We are pleased to share our Q4 2021 Investment Market Commentary Report. The report addresses four key themes:
1) Inflation has risen across the global, initially ignited by supply chain issues and high energy costs. Central banks are addressing this with monetary policy, through increasing interest rates and tapering / ending quantitative easing (QE). QE has been employed by central banks almost continuously since the financial crisis, increasing the money supply in the economy through the purchase of sovereign and corporate bonds. Buying trillions of pounds worth of bonds has lowered yields. The impact of this forces investors to search for yield in other more risky asset classes. Consequently, equities and alternatives have benefited. Now this pattern is potentially coming to an end, investors may reassess their risk and return ratio and move back to more safer assets as yields start to return. We discuss this in the American section as the American equity markets are some of the most expensive in the world. As financial markets revert to the mean, the American market is in a precarious position.
2) Our second theme leads on from the first. The UK equity market has underperformed its international peers since 2016. So much so, it now offers a convincing value proposition that is hard to ignore.

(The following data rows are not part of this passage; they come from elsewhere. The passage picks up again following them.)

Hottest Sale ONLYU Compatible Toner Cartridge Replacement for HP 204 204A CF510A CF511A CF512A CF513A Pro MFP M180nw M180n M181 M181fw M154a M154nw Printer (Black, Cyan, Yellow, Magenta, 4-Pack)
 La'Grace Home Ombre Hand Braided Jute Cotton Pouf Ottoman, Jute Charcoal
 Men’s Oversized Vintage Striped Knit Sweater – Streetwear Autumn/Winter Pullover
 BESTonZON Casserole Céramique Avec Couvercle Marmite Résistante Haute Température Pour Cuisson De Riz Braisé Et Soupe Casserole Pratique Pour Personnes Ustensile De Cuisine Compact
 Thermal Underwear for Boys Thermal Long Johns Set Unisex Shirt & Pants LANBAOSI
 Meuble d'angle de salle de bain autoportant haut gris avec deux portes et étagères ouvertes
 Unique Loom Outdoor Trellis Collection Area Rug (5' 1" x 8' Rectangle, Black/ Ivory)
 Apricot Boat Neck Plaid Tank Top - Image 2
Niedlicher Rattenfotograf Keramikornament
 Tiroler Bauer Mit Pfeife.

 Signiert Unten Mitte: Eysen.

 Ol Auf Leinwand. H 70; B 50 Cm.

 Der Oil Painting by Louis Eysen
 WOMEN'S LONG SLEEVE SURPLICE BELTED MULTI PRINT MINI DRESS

We have the highest dividend yield and one of the lowest price to earnings ratios. Investors are beginning to act on this, evidenced by the mountain of PE activity over the year. If a rebalancing of portfolios happens (as we discuss in point 1) the UK stands in good place for investors wanting to move away from more expensive markets and take advantage of the relative value the UK has to offer.
3) Throughout the property sections we address the old adage that real estate is an inflation hedge, seeking to judge whether it is truly accurate. Looking at rental yields against CPI it is clear there is no statistical significance between the two. Inflation is not particularly bad for real estate, but returns are driven by supply and demand factors. A passive allocation to real estate will not mitigate the effects of inflation. An active approach to both management and investment is required to continue to prosper in an inflationary environment.
4) ESG continues to gain prominence and its impact on investment decision making will only grow. We highlight two arears where ESG is likely to impact returns in the coming quarters. The first is Offices where the supply of Grade A compliant space is woefully short of the increasing demand. While Grade A rents will be pushed up, a widening yield of Grade B space has already begun. If investors do not address the short comings in their Grade B office space, the risk of a two-tiered market may emerge leaving some assets stranded. In the logistics market, rental yields are underpinned by occupier demand predominately in e-commerce. While we do not foresee the trend for online shopping reducing any time soon, the methods in which goods are delivered will need to be addressed. Current logistics yields leave little room to manoeuvre when the market wakes up and addresses the ESG shortcomings of the current model.